There are several other serious problems/hurdles faced by the appellants in the CESTAT. One such problem is in respect of the live B/E. In some cases the Customs department acts like a traffic police who hides behind an obstacle & then catch the culprits instead of conducting the responsibility of directing the traffic & ensuring smooth movement. In the case of customs, what they do is let the B/E proceed & let the importer pay the duty & when the delivery is taken, the goods are confiscated. Thus the importer is put into serious trouble because the goods are cleared & duty paid but finally the result is that the goods are confiscated. Therefore, the duty & goods are both stuck & this disturbs the complete business cycle of the small & medium enterprise. When such live cases are taken up in the Tribunal, for early hearing then it is said that there is no provision that Live B/E s are to be granted early hearing. Therefore importers are compelled to pay hefty fines penalty and customs duty and clear the goods or abandon the same as they have no hopes of getting their appeals heard by Honble Tribunal for years to come. Under these circumstances, where do the small & medium enterprises go! It is said that justice delayed is justice denied & in case of SME s, this is very true because the delay may render the enterprise economically unviable then please tell me where is the justice in the basic law.

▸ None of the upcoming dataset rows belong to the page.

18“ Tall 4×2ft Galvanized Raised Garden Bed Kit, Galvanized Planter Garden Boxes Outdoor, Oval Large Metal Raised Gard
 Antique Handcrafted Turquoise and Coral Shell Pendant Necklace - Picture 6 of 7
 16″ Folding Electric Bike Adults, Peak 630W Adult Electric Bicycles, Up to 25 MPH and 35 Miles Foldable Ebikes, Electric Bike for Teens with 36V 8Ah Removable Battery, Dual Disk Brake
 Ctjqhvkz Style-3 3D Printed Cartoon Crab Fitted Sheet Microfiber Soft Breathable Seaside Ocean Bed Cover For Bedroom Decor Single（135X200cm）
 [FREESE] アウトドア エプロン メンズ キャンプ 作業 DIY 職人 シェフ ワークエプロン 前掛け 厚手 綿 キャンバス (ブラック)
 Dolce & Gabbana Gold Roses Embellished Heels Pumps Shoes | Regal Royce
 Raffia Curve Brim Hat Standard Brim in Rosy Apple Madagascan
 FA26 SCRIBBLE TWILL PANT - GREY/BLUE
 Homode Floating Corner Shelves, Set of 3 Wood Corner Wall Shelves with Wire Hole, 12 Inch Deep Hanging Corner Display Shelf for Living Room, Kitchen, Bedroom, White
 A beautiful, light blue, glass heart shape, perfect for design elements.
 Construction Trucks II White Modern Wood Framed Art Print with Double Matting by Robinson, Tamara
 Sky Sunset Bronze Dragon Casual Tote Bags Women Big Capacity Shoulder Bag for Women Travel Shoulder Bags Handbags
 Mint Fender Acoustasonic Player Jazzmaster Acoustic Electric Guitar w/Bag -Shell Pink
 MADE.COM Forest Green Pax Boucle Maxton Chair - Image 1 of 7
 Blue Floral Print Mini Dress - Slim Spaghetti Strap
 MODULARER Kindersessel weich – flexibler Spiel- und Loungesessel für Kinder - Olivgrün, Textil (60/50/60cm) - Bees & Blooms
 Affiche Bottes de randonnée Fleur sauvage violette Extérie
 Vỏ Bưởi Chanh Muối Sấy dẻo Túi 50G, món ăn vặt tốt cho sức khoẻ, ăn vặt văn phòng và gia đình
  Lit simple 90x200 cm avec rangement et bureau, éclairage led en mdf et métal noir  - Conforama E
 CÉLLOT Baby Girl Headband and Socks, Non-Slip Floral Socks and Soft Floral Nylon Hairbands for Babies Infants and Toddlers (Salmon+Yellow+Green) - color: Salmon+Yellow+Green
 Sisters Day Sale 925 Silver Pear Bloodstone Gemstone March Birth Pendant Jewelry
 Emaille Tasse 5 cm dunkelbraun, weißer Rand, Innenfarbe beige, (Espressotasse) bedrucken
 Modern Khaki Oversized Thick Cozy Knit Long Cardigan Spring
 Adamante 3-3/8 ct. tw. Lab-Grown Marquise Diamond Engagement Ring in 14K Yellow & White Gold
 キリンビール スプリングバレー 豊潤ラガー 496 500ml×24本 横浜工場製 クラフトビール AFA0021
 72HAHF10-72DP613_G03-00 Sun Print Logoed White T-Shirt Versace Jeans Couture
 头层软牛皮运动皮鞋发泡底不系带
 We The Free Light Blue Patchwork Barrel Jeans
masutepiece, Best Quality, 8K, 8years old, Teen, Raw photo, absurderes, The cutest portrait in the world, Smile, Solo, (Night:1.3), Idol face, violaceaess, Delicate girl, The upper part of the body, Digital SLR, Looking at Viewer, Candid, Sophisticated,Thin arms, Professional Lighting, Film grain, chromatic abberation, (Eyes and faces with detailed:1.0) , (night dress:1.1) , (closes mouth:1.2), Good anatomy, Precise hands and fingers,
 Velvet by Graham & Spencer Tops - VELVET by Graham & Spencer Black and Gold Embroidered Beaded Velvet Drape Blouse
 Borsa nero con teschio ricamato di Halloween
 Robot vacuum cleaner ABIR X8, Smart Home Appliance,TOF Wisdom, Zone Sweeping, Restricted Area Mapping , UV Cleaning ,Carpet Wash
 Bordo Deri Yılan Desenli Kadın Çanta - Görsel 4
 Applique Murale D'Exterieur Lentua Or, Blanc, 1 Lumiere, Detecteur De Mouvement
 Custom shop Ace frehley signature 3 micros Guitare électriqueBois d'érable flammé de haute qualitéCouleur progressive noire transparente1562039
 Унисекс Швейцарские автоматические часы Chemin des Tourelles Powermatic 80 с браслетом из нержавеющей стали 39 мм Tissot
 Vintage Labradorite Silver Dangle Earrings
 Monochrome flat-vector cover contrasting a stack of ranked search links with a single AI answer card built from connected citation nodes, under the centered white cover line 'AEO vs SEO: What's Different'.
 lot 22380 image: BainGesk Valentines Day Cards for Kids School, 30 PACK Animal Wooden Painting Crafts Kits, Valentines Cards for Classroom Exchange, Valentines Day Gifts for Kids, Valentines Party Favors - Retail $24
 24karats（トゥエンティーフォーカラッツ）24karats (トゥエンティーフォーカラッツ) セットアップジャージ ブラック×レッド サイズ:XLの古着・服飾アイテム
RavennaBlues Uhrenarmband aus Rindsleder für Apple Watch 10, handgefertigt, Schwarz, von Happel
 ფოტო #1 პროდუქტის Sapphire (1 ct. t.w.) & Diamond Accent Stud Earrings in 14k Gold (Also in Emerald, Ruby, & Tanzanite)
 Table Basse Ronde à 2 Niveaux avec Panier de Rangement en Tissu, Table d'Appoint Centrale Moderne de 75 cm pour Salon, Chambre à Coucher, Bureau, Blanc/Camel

I am of the view that in any developed country, if the tax is recovered on the higher side, the refund will follow. I think, the basic premise is unauthorized tax collection is bad in law & cannot be legitimized. However, in India, you have not only to claim refund but you are required to challenge the order separately. Now, it is common sense that the department cannot take advantage of its own mistake but then tribunals are not bothered. The judge has no hesitation in saying that they are not willing to change their mind & will follow the past precedent though this may not be the correct position. Now, this stubborn attitude in itself is killing. Why do the appellants come to the Tribunal is to get justice legitimately due to them & not for past precedents to be observed blindly even if they are wrong. In case of an unconditional exemption notification, the benefit of the notification has to follow automatically to the importer in case of EDI B/E. If this does not happen then the Customs official is responsible for the wrong committed & not the importer. This is accepted by the CBEC but then the Tribunal is not willing to decide in the favour of the assessee just because in case of M/s. Flock India, it is ruled that challenge of the assessment order is essential.

It is trite that no man should suffer a wrong by technical procedure of irregularities. The Rules or procedures are the handmaids of justice and not the mistress of justice. The tribunals should definitely ensure this as they are the last fact finding body.